--- STORED DATA ---
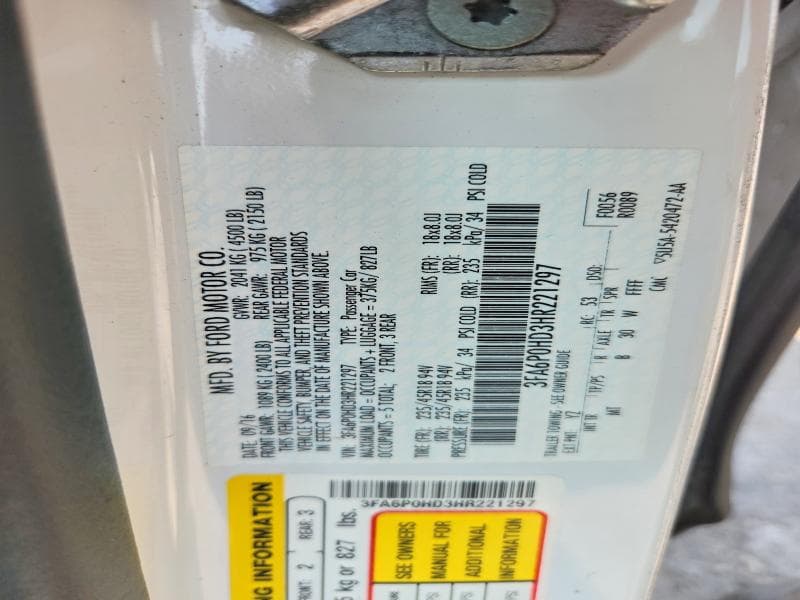 2017 FORD FUSION SE 12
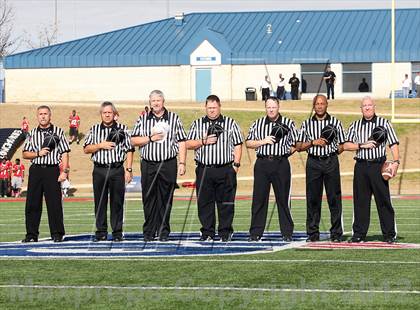 Thumbnail 3 in Cedar Hill vs. Westlake (UIL 5A Division 2 Semifinal Playoff) photogallery.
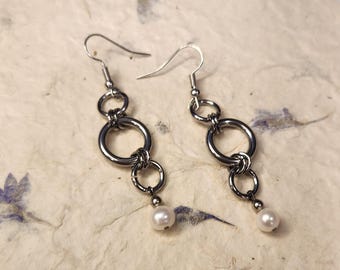 Pearl loop earrings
---
* [WHAT THE TASK REQUIRES]
Once the line with "Thumbnail 3 in" is found, output it and every line after it through the end of the listing, exactly, without pictures.

* [WRITTEN SOLUTION]
 Thumbnail 3 in Cedar Hill vs. Westlake (UIL 5A Division 2 Semifinal Playoff) photogallery.
 Pearl loop earrings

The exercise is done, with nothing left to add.